THE INPUT >>

------------------------

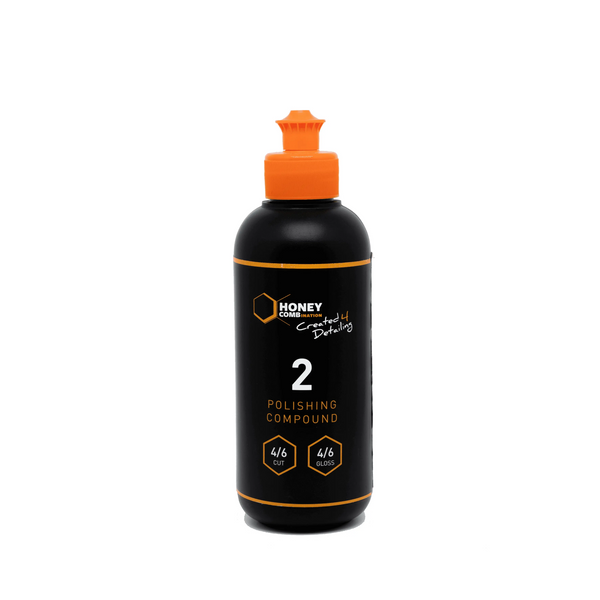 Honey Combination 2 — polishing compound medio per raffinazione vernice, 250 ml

------------------------

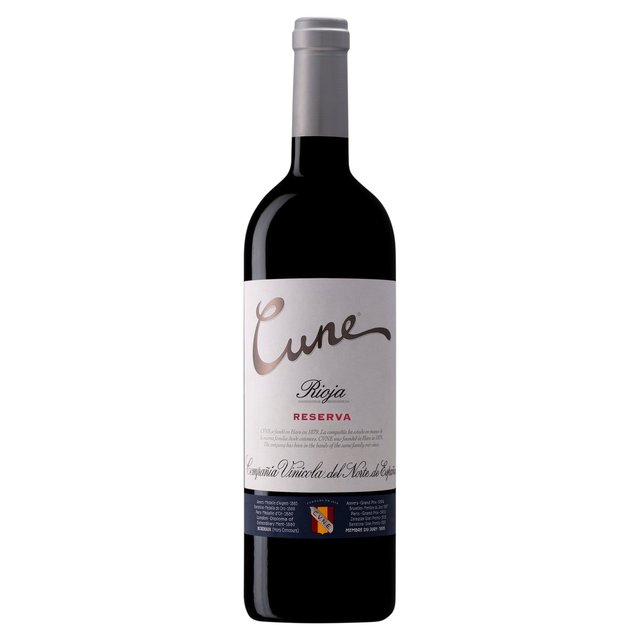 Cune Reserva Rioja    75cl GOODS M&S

------------------------

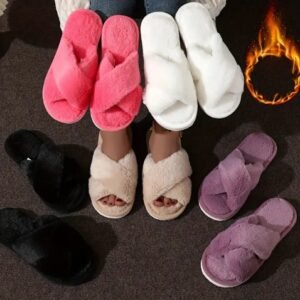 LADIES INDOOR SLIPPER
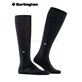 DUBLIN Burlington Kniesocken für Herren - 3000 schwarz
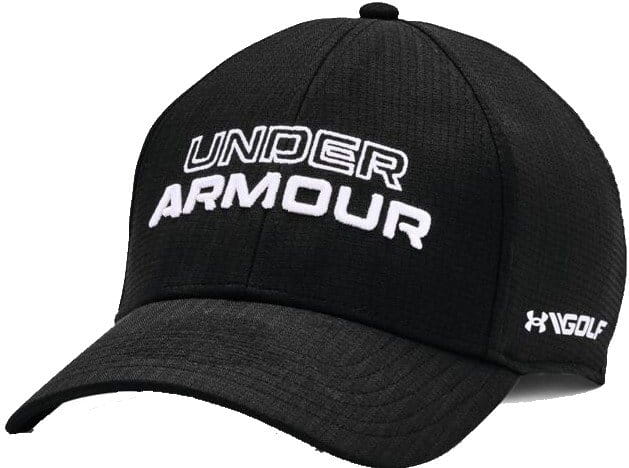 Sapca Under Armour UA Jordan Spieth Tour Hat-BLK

------------------------

TASK PROMPT >>
Starting at the line containing "DUBLIN Burlington Kniesocken" and finishing at the line containing "Sapca Under Armour", return those lines exactly as they appear above, without the pictures.

COMPLETED EXERCISE >>
 DUBLIN Burlington Kniesocken für Herren - 3000 schwarz
 Sapca Under Armour UA Jordan Spieth Tour Hat-BLK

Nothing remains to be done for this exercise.